RECORDS FOR THE TASK ::
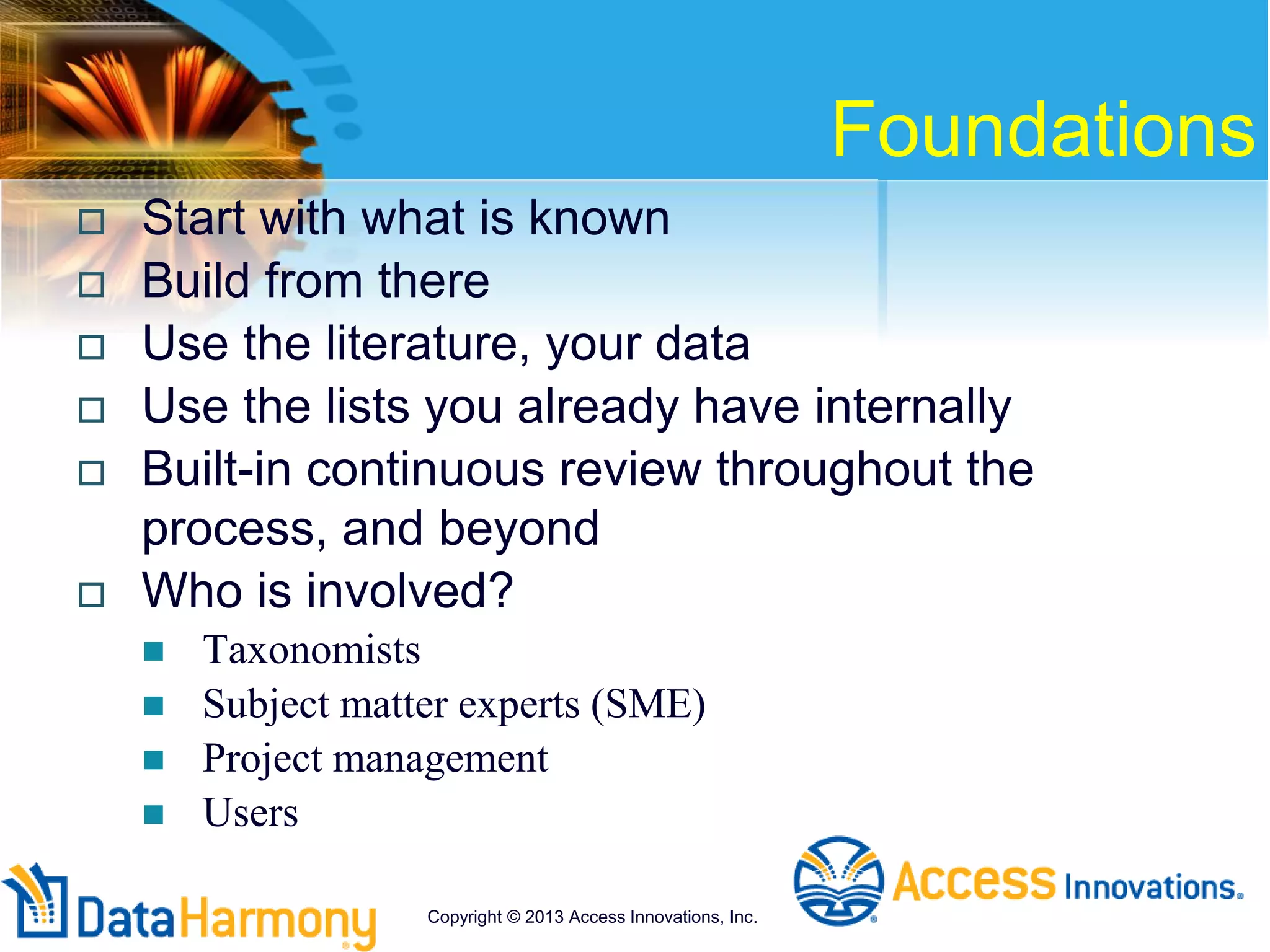 Foundations
 Start with what is known
 Build from there
 Use the literature, your data
 Use the lists you already have internally
 Built-in continuous review throughout the
process, and beyond
 Who is involved?
 Taxonomists
 Subject matter experts (SME)
 Project management
 Users
Copyright © 2013 Access Innovations, Inc.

WHAT THIS TASK INVOLVES :: The answer should be exactly the lines from the one that contains "Build from there" through the end of the entries, both ends included, and nothing besides.

THE COMPLETED TASK ::
 Build from there
 Use the literature, your data
 Use the lists you already have internally
 Built-in continuous review throughout the
process, and beyond
 Who is involved?
 Taxonomists
 Subject matter experts (SME)
 Project management
 Users
Copyright © 2013 Access Innovations, Inc.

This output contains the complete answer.